But Democrats, referring frequently to the Gulf oil spill, said it made no sense to undermine efforts to curtail greenhouse gas emissions and reduce dependence on oil and other fossil fuels.

The effort to block the rules "is an attempt to bury our heads in the sand and ignore reality," said Sen. Tom Udall, D-N.M.

Obama said the vote was another reminder of the need to pass legislation to reduce the country's reliance on oil. The White House had issued a veto threat this week, saying the resolution would block efforts to cut pollution that could harm people's health and well-being.

"Today the Senate chose to move America forward, towards that clean energy economy — not backward to the same failed policies that have left our nation increasingly dependent on foreign oil," he said.

The EPA crafted standards on greenhouse gas emissions by big polluters after the Supreme Court ruled that those emissions could be considered a danger to human health and thus could be regulated under the Clean Air Act. The rules are to go into effect next January.
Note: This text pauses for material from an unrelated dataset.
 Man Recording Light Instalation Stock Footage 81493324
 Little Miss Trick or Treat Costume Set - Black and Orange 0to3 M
The poor chances of the anti-EPA measure overcoming a veto and becoming law did not deter fierce debate.

Senate Republican leader Mitch McConnell of Kentucky called the new regulations a "blatant power grab by the administration and the EPA." With a broad energy bill unlikely to pass this year, "the administration has shifted course and is now trying to get done through the back door what they haven't been able to get done through the front door," he said.

But Senate Majority Leader Harry Reid, D-Nev., called the blocking measure, "a great big gift to big oil" that would "increase pollution, increase our dependence on foreign oil and stall our efforts to create jobs" in clean energy.
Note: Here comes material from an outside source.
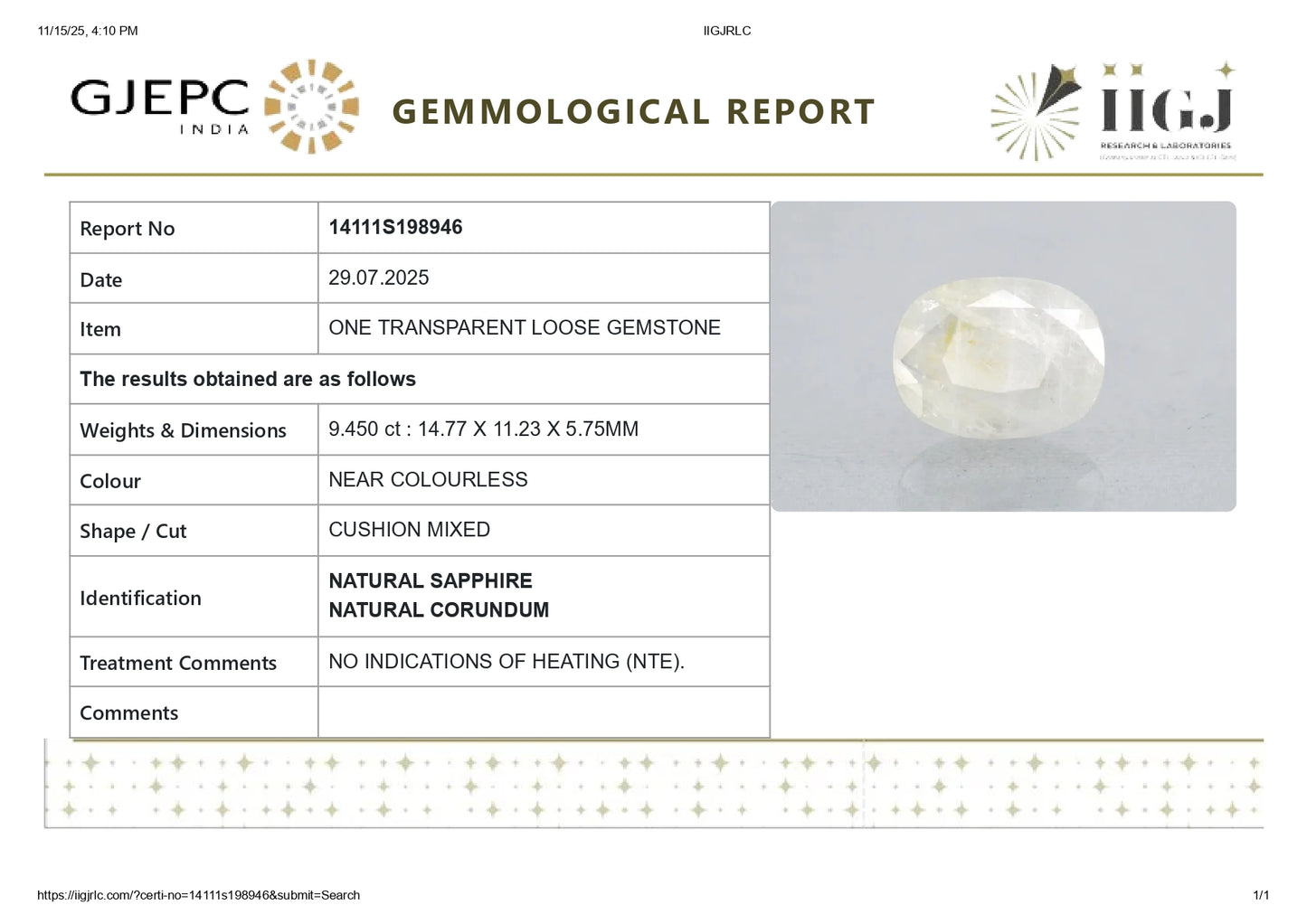 Natural White Sapphire 9.45 Carats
White House press secretary Robert Gibbs said Thursday that he anticipated the Senate taking up a broader energy bill in the next several weeks "and hopefully we can get something done before Congress adjourns this year."

The sponsor of Thursday's resolution, Republican Sen. Lisa Murkowski of oil-rich Alaska, said her intent was to protect the authority of Congress, not the interests of the oil industry. "It should be up to us to set the policy of this country, not unelected bureaucrats within an agency," she said.

Her Democratic allies used similar arguments. "The regulatory approach is the wrong way to promote renewable energy and clean energy jobs in Arkansas and the rest of the country," said Sen. Blanche Lincoln of Arkansas, who faces a difficult re-election campaign this summer.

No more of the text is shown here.